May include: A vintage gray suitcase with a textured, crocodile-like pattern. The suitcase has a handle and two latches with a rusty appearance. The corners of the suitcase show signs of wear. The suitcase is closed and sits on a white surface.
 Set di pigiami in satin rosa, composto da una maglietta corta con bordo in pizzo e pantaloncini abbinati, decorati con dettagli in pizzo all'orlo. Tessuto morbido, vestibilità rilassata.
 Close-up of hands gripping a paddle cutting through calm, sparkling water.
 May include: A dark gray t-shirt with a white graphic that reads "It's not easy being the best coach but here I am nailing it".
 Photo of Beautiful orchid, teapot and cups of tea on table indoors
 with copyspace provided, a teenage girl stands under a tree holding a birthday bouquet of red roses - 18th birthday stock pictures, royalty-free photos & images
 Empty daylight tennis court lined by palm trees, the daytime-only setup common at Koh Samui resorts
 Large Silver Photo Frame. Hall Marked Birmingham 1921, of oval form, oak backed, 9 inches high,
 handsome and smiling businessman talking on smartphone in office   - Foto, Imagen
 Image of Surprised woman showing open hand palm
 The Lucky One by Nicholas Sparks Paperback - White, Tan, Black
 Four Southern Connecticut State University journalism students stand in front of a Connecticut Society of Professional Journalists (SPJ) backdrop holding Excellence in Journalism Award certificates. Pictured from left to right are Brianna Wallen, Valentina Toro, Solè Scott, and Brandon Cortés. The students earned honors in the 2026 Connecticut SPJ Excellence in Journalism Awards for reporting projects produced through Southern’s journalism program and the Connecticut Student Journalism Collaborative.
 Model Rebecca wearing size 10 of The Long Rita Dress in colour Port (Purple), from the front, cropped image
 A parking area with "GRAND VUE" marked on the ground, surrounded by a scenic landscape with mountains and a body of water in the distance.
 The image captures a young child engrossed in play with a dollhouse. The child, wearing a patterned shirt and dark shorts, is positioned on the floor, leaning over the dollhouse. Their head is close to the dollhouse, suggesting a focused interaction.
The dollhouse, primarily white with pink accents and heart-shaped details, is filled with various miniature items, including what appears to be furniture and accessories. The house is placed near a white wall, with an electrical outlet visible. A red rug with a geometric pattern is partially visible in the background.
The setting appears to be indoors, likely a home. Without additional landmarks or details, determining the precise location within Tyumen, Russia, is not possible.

::::::::

WORK ORDER:
All lines from the start of the entries through the line where "May include: A dark" sits should be duplicated exactly, with nothing else in the output.

RESULT OF THE EXERCISE:
May include: A vintage gray suitcase with a textured, crocodile-like pattern. The suitcase has a handle and two latches with a rusty appearance. The corners of the suitcase show signs of wear. The suitcase is closed and sits on a white surface.
 Set di pigiami in satin rosa, composto da una maglietta corta con bordo in pizzo e pantaloncini abbinati, decorati con dettagli in pizzo all'orlo. Tessuto morbido, vestibilità rilassata.
 Close-up of hands gripping a paddle cutting through calm, sparkling water.
 May include: A dark gray t-shirt with a white graphic that reads "It's not easy being the best coach but here I am nailing it".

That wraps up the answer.